Let's calculate the values of \( f(x) = 4x + 3 \) and \( g(x) = 4x^2 \) for the given values of \( x \):
Table of Values:
| x | f(x) = 4x + 3 | g(x) = 4x^2 | |-----|------------------|----------------| | 0 | \( 4(0) + 3 = 3 \) | \( 4(0)^2 = 0 \) | | 1 | \( 4(1) + 3 = 7 \) | \( 4(1)^2 = 4 \) | | 2 | \( 4(2) + 3 = 11 \) | \( 4(2)^2 = 16 \) | | 3 | \( 4(3) + 3 = 15 \) | \( 4(3)^2 = 36 \) |
Completed Table:
| x | f(x) | g(x) | |-----|-------|-------| | 0 | 3 | 0 | | 1 | 7 | 4 | | 2 | 11 | 16 | | 3 | 15 | 36 |
Analysis of Growth:
Both functions \( f(x) = 4x + 3 \) (a linear function) and \( g(x) = 4x^2 \) (a quadratic function) do grow as \( x \) increases.
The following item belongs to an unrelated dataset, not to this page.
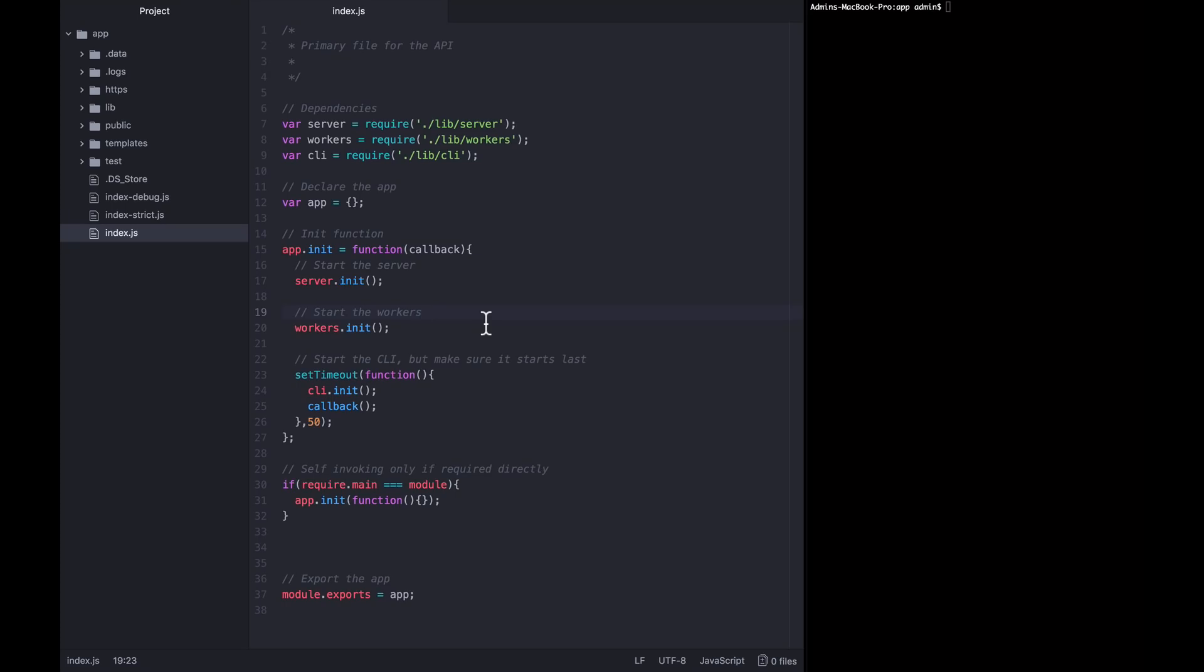In this lecture, we're going to talk about how to use Node.js's cluster module to spread the work of your application across all the CPUs available on whatever system you're running on.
However, a linear function grows at a constant rate, while a quadratic function grows at an increasing rate.
As \( x \) gets larger, \( g(x) = 4x^2 \) will eventually exceed \( f(x) = 4x + 3 \). Specifically, quadratic functions will always surpass linear functions as \( x \) approaches infinity.
In this case:
- At \( x = 0 \), \( f(0) = 3 \) and \( g(0) = 0 \)
- At \( x = 1 \), \( f(1) = 7 \) and \( g(1) = 4 \)
- At \( x = 2 \), \( f(2) = 11 \) and \( g(2) = 16 \) (here \( g(x) \) exceeds \( f(x) \))
- By \( x = 3 \), \( g(3) = 36 \), which is much greater than \( f(3) = 15 \)
Thus, the function \( g(x) \) eventually exceeds \( f(x) \).